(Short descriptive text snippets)
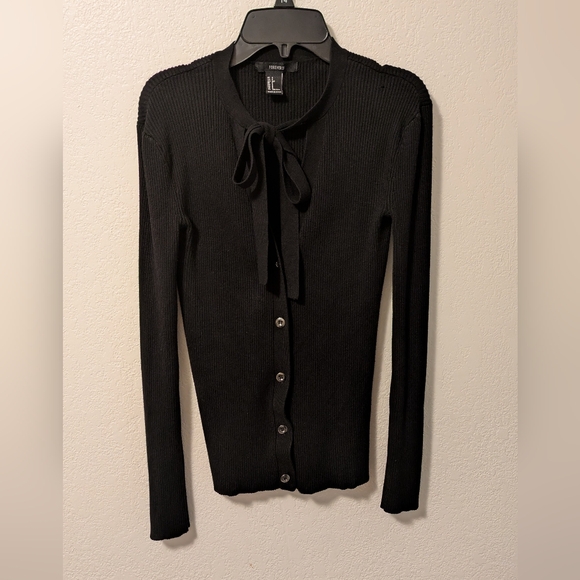 Forever 21 Sweaters - Forever 21 Black Knit Sweater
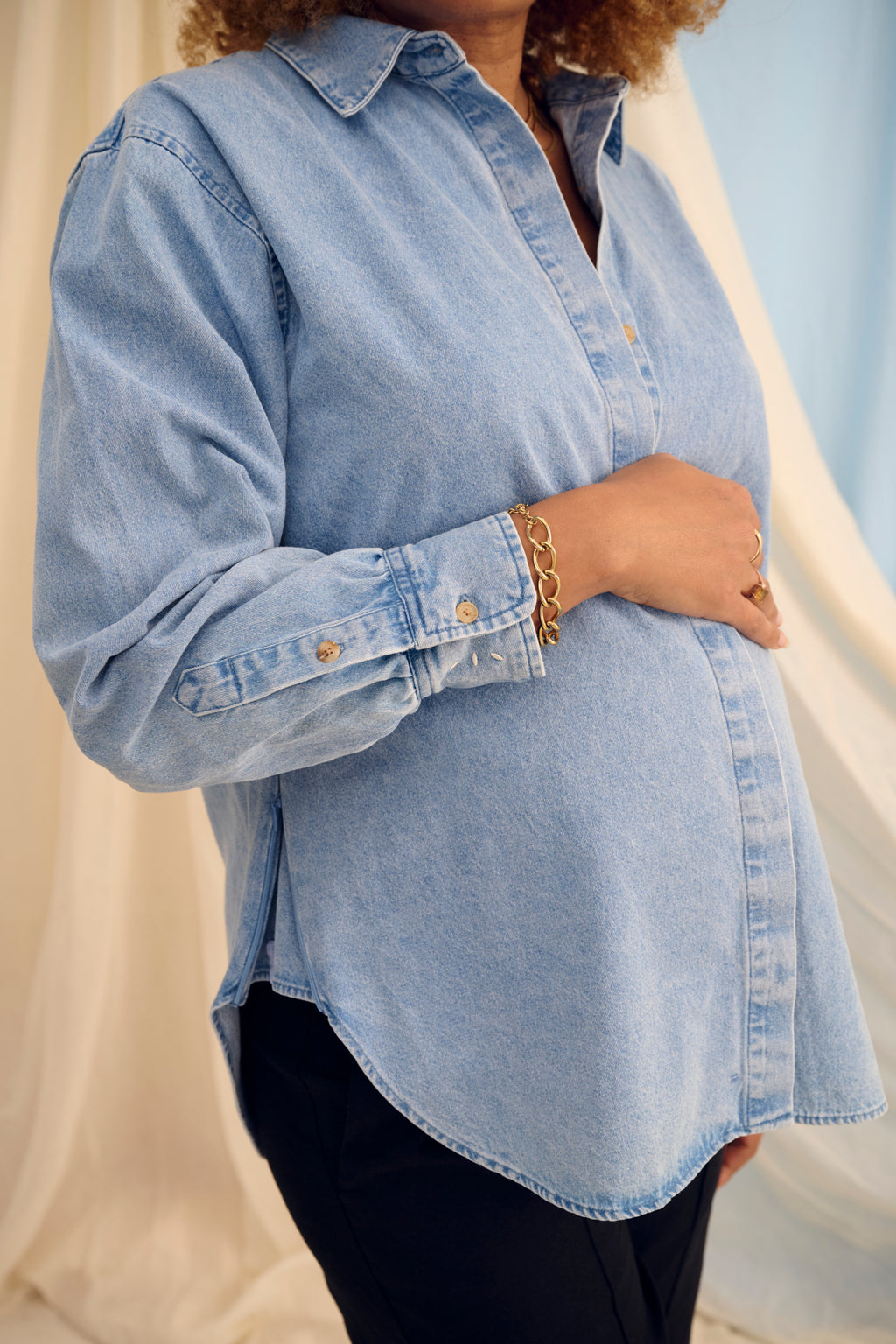 The Shirt Light Denim – Chemise de grossesse oversize – 100 % coton – Zips invisibles – Atelier Melon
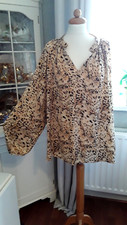 LADIES SIZE 20 ANIMAL PRINT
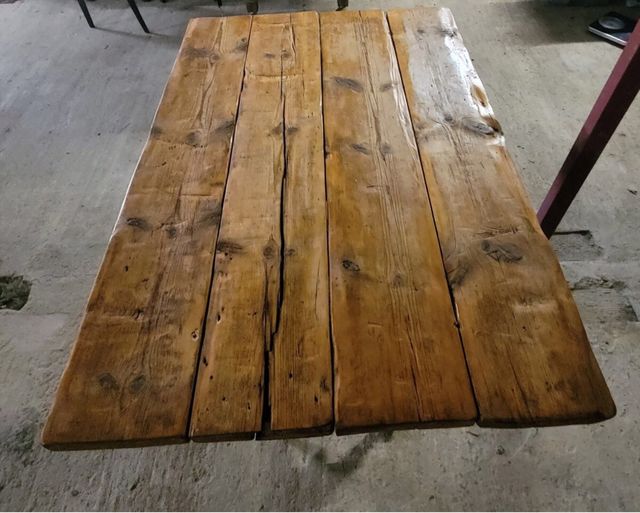 Mesa rústica de madera con base antiguo.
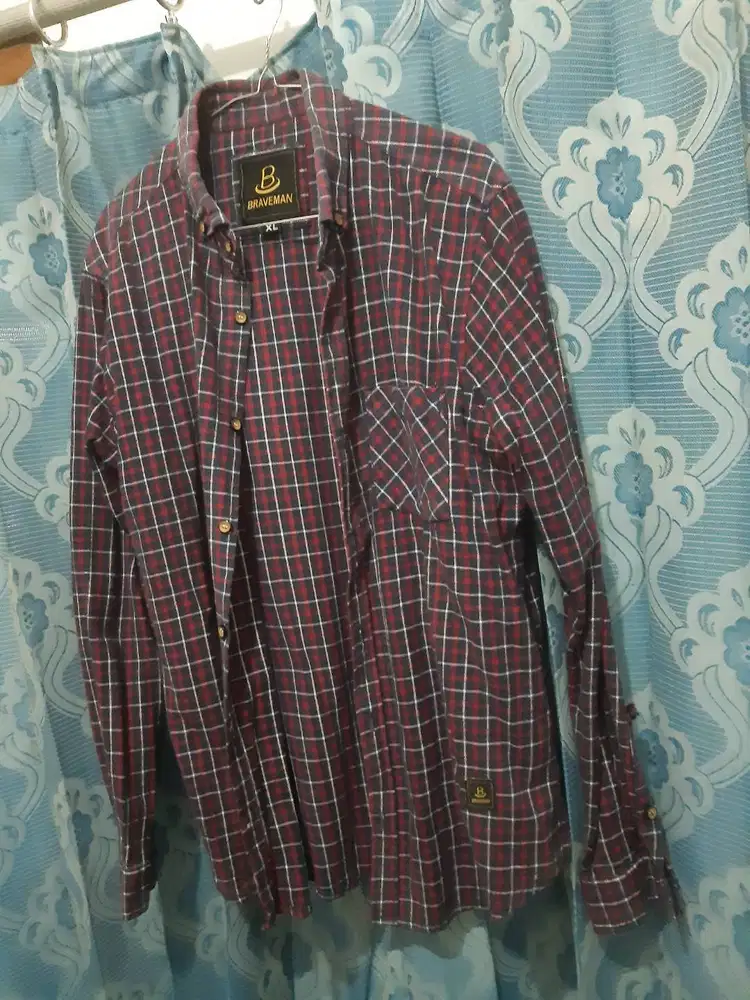 Kemeja lengan panjang kotak kotak merah merek Brave Man Size XL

§ Problem description
Every entry above needs to be copied exactly, apart from its pictures.

§ Your response
 Forever 21 Sweaters - Forever 21 Black Knit Sweater
 The Shirt Light Denim – Chemise de grossesse oversize – 100 % coton – Zips invisibles – Atelier Melon
 LADIES SIZE 20 ANIMAL PRINT
 Mesa rústica de madera con base antiguo.
 Kemeja lengan panjang kotak kotak merah merek Brave Man Size XL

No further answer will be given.